21cmfast / 21cmFAST

Official repository for 21cmFAST: a code for generating fast simulations of the cosmological 21cm signal
MIT License
58 stars 37 forks source link

[Feature Req.] Non-cubic coeval boxes #275

Closed steven-murray closed 1 year ago

steven-murray commented 2 years ago

Is your feature request related to a problem? Please describe.

When making lightcones, almost always the resulting lightcone is longer along the LoS than the other two dimensions. This results in having to re-use the (evolved) coeval box multiple times, which then has periodicity and screws up some statistics. It would be good to try to avoid these spurious statistics as much as possible, or at least push them to larger and larger scales.

Describe the solution you'd like

I don't know how possible/feasible this is, but it might be useful to allow the coeval boxes to be non-cubic. That way, we could have them be longer along one axis (the LoS), which should provide for more smoothly evolving lightcones

My worry is that the speed of FFTs might be decreased for non-cubic boxes. My hope is that even so, doing N*N*4N might still be faster than 4N*4N*4N.

Describe alternatives you've considered

As far as I can tell, the only real alternative, if we wish to preserve continuity across the lightcone, is what we are currently doing.
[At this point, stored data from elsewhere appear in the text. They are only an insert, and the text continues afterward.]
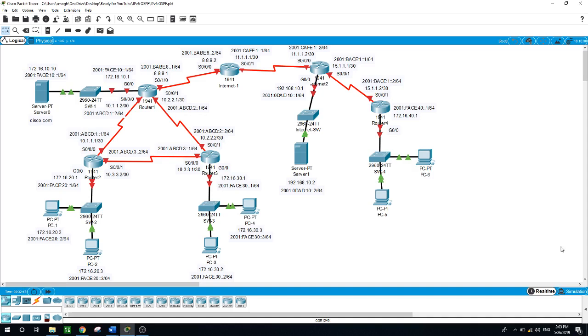Also, you will configure SSH on router 4, configuring the domain name, generate RSA, and then configure VTY lines on the router. Then, you will configure DHCP version 4 on router 4, and you will make sure to prevent the address used by the router from being distributed to end devices.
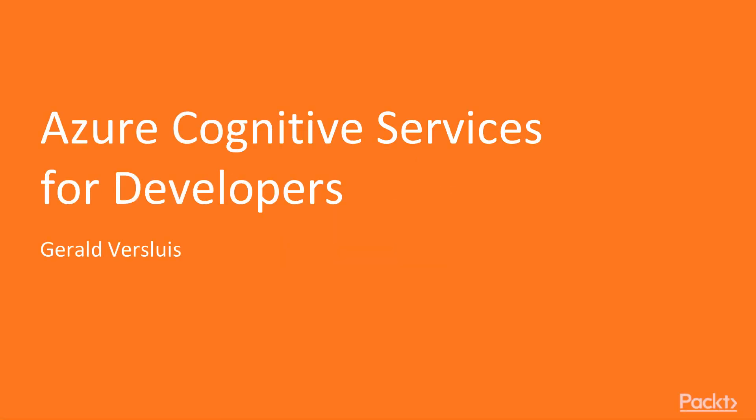Welcome to this course, Azure Cognitive Services for Developers. My name is Gerald Versluis, and in this course I will be teaching you everything there is to know about the Azure Cognitive Services and how you can develop with them.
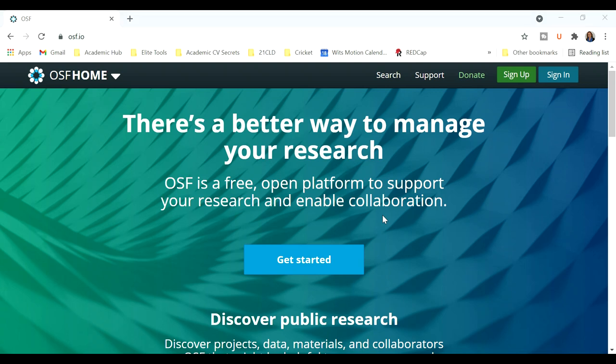Today's video is all about storing, collaborating, and sharing your work with the world out there. Open in front of me is the Open Science Framework website, and I'll leave a link to this website in the description box below this video.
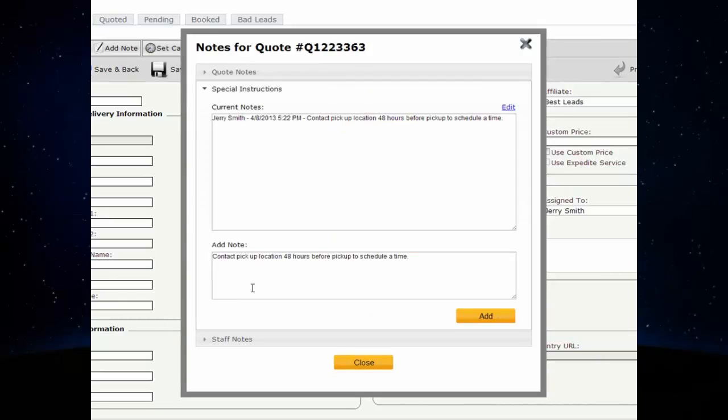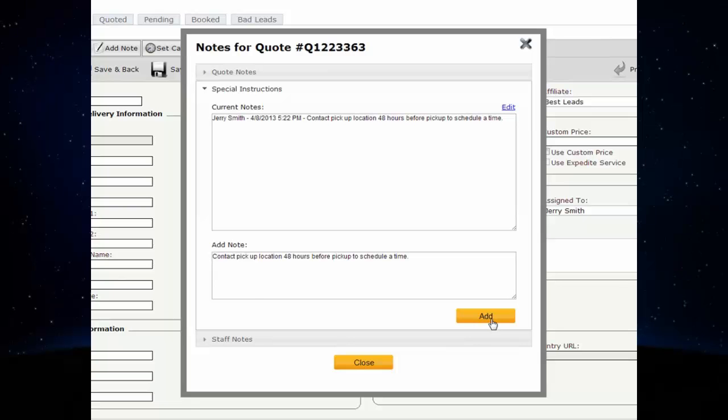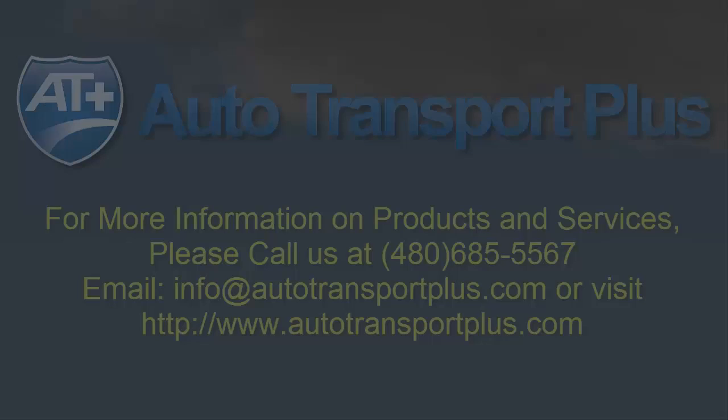Type your notes in the Add Notes section. When finished, click the Add button. All notes will be stored in the Current Notes section.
We can advise users just to make BOX_LEN larger if they need to, but of course this comes at the cost of either performance or accuracy on small scales.
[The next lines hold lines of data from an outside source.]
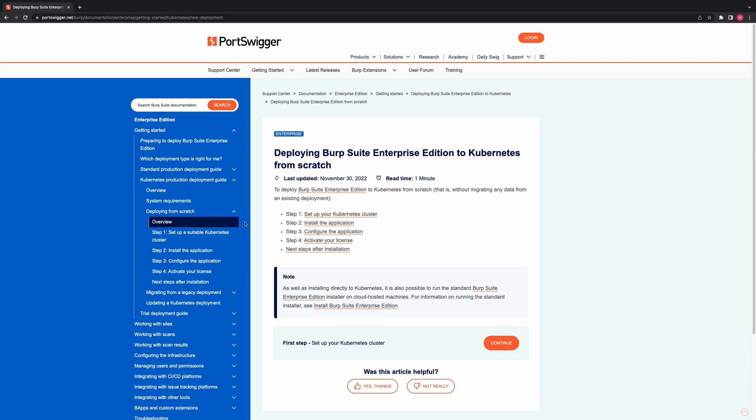Step one: set up your Kubernetes cluster. Step two: install the application. Step three: configure the application. And step four: activate your license. In this video we will run through step one and step two, covering the prerequisites and setting up your cluster, along with how to install the application using the Helm chart. You will then be ready to move on to step three, configure the application.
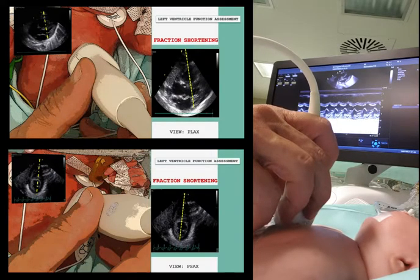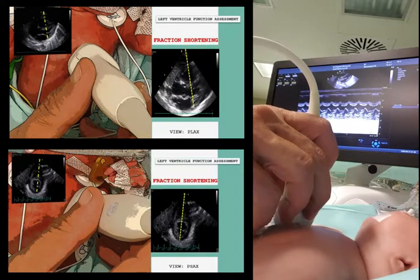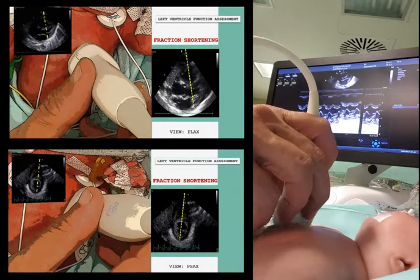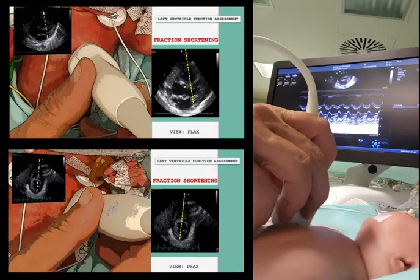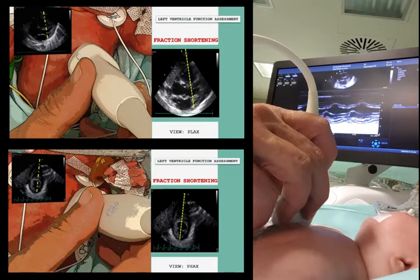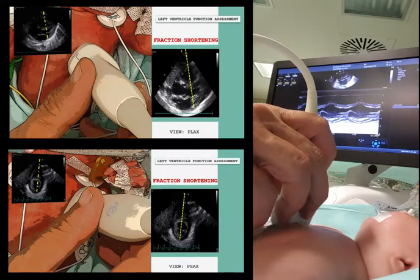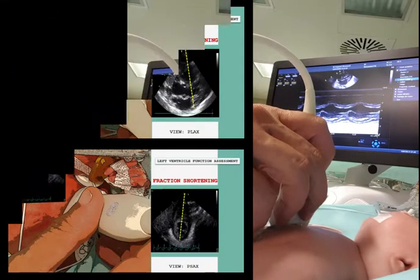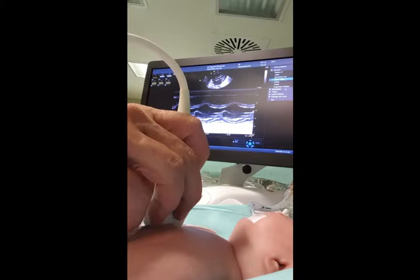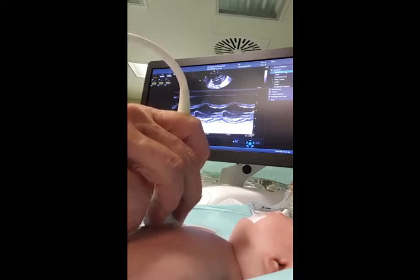The left ventricular fractional shortening is obtained from M-mode tracings or two-dimensional imaging in the parasternal long axis view, at the tips of the mitral valve leaflets, or in the parasternal short axis view at the level of the papillary muscles. The left ventricular end diastolic dimension is measured at the R-wave of the cardiac cycle, and left ventricular end systolic dimension is obtained at end of the T-wave.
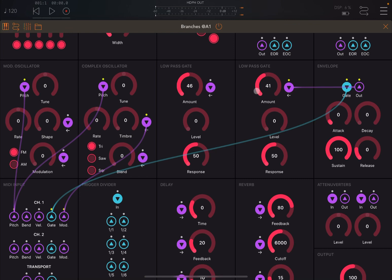The low pass gate will take a signal from the complex oscillator. You use the low pass gate to control the volume, but also to control the filter for the output of the oscillator which is connected to it. In this case, we are using the envelope to control the amount. Where you see an icon pointing down with a narrow pointing inside, it means that connection is used to modulate that particular parameter — in this case, the amount of the low pass gate.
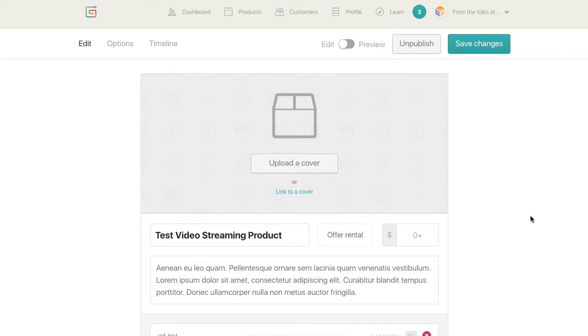All right, so I just wanted to show you here how you can add video rental to your product flow.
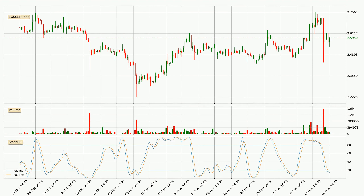Jumping to the three-hourly stochastic RSI, both the %K and %D lines are in the lower region, which means that the price is getting oversold and soon a trend change or at least some consolidation could be expected. You should wait to see if there will be an upward trend, because the %K line has not yet crossed the %D line.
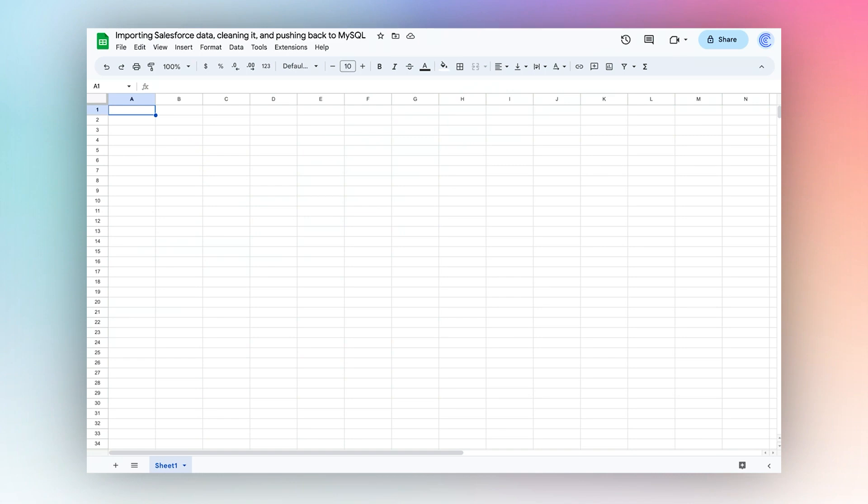I'm going to demonstrate how to import data from Salesforce, clean it using Coefficient's new formula builder, and push it back to MySQL.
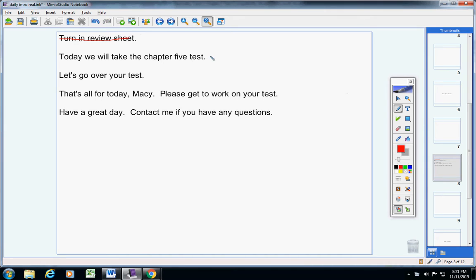We're obviously going to take the Chapter 5 test today, so let's go over your test. Please pause the video, get a copy of the test from your mom, and then restart the video.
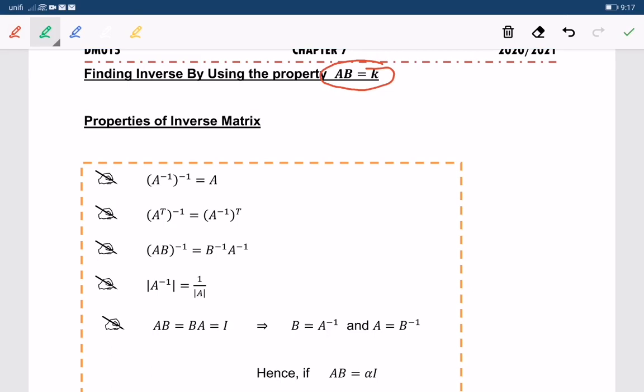But first of all, let me read to you the properties of the inverse matrix. The first property: A inverse inverse is equal to A.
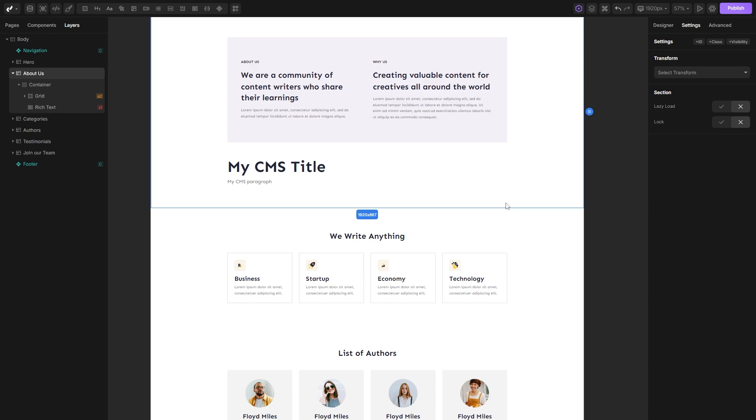And that's everything you need to know about the rich text. I hope that you found this video helpful and learned something new. Until the next time, happy building!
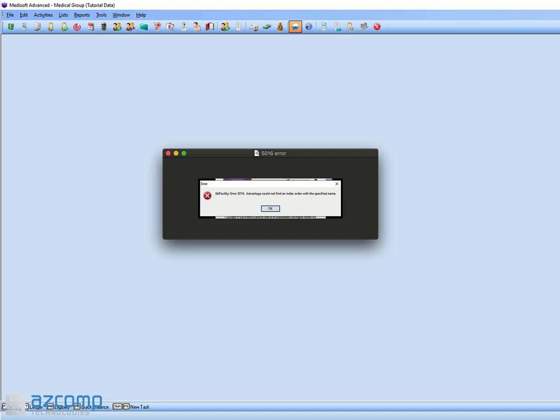But you could also see this in claim management, when you're trying to run a report, when you're trying to open up your statements. It varies. You could find it in many different places in the program.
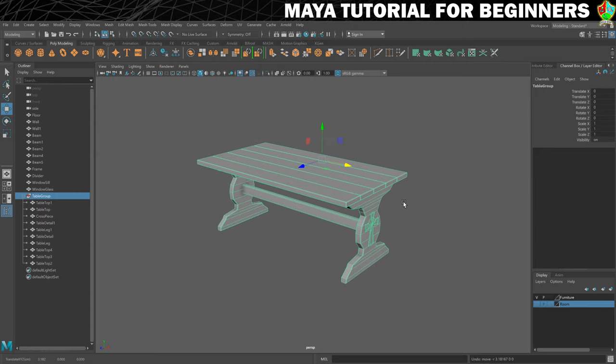Okay, we're all grouped, but I don't like the position of the pivot — which is where the object is scaled and rotated from. In the next step we'll look at how to move that to a more favourable position, so I will see you there for that.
BradGreig commented 2 years ago

I probably have the basic framework to develop this following my extremely large-volume simulations, since that requires breaking up the FFTs into successive 1D and 2D transforms. Not that that is how you would tackle this, more the logic in doing it etc.

However, I am not sure how useful this might be. I guess it depends on the specific question at hand. I can see cases where this might be useful, and certainly cases where this isn't helpful.

My initial thought would be that the FFTs will likely be slower (but not too bad). However, in most cases the FFTs are not the dominant time sink anyway.

I guess at some level if this is done, we are trusting the user to analyse the statistics of the signal properly. For example, need to be careful when spherically averaging if the LoS dimension is larger than the transverse direction.

BradGreig commented 2 years ago

Hey @steven-murray, I had a little bit more of a think about this.

Firstly, I'm pretty sure this is fairly trivial to implement. Though you'd need to come up with a clean way to minimise the number of variables visible to the user (otherwise you have two DIMs, HII_DIMs etc.).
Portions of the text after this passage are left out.